ワクチンパス施行を目前とするフランスでは、相変わらず、ワクチンパス反対のデモが続いています。とはいえ、前回のデモに比べると、デモ参加者は大幅に減少し、内務省の発表によると、前回の約105,200人に対して、今回は、約54,000人に減少しています。
彼らのデモでの訴えは、「ワクチンパス反対」「ワクチン接種そのものに反対」「自由」「政府の強行策に反対」など、毎週のことで、掲げられているプラカードや訴えの内容は、ほぼ同様の内容です。
しかし、今回のデモで気になったのは、そのプラカードの中に「ジョコビッチは私たちの旗手である!」というものが、混ざっていたことでした。

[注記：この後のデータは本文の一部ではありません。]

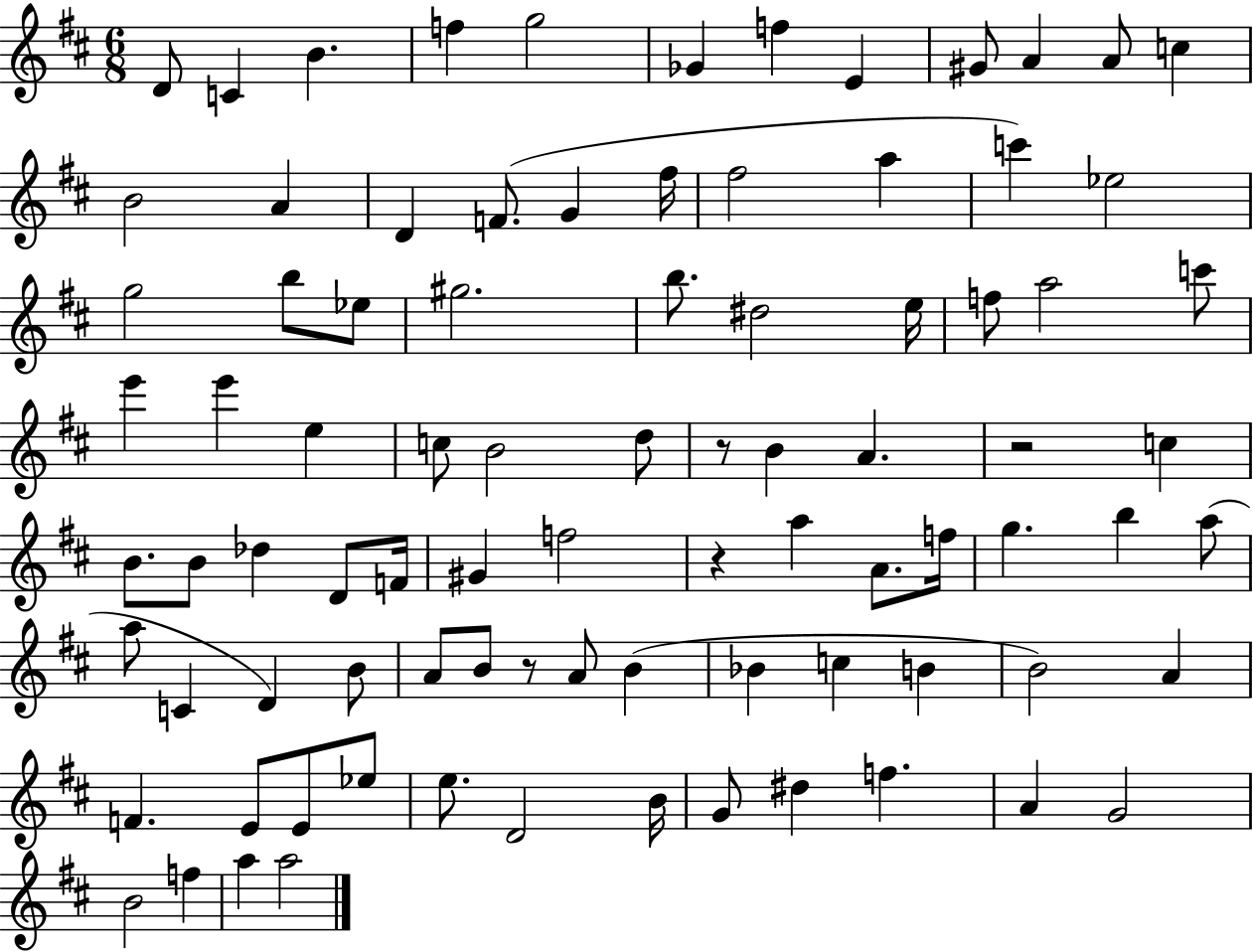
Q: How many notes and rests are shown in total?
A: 87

このデモが行われた時点では、ジョコビッチの全豪オープンの出場可否に対する最終的な決定が出ていなかったため、これは、ジョコビッチが全豪オープンに出場することになれば、アンチワクチン論者を正当化するものになってしまうのではないか?と、オーストラリア裁判所の決定を不安な思いで、見守っていました。
フランスのデモ隊にまで影響を及ぼすとは・・ジョコビッチ、恐るべし⁉︎です。
フランスでも、テニス世界ランキング1位のノバク・ジョコビッチ選手の一連のワクチン未接種での全豪オープン出場可否の騒ぎは、連日、報道されていたので、その影響力の大きさは、テニス界だけでなく、フランスで「アンチワクチン論者の旗手」として、まつりあげられるのは、当然といえば、当然だったかもしれません。

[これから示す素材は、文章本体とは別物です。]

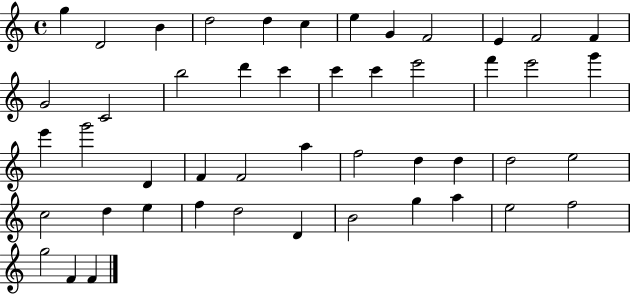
{
  \clef treble
  \time 4/4
  \defaultTimeSignature
  \key c \major
  g''4 d'2 b'4 | d''2 d''4 c''4 | e''4 g'4 f'2 | e'4 f'2 f'4 | \break g'2 c'2 | b''2 d'''4 c'''4 | c'''4 c'''4 e'''2 | f'''4 e'''2 g'''4 | \break e'''4 g'''2 d'4 | f'4 f'2 a''4 | f''2 d''4 d''4 | d''2 e''2 | \break c''2 d''4 e''4 | f''4 d''2 d'4 | b'2 g''4 a''4 | e''2 f''2 | \break g''2 f'4 f'4 | \bar "|."
}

しかし、今回のジョコビッチ選手のワクチン接種に関しての一連の報道では、「ワクチン未接種の発覚」から、彼のビザは、取り消し、その後、同選手の弁護団から異議申し立てがなされ、「彼自身が12月16日にコロナウィルス陽性であったこと」が申告されましたが、その直後に「隔離もせずに、公の場にマスクなしでマスコミに対するインタビューや公的イベントに参加していたことの発覚」そして、「ビザ申請書は、本人が記載したものではなかった」など、見苦しい応酬が続いて、最終決定は、オーストラリア裁判所の決定に委ねられていました。
世界ランキング1位のトップアスリートである彼は、彼自身の健康管理についての強い信念をもっていることは、理解できますが、どの選手も同じ条件をクリアして参加している大会に、たとえ、彼が世界ランキング1位であろうとも、例外を認めることは、あり得ないことだと思っていました。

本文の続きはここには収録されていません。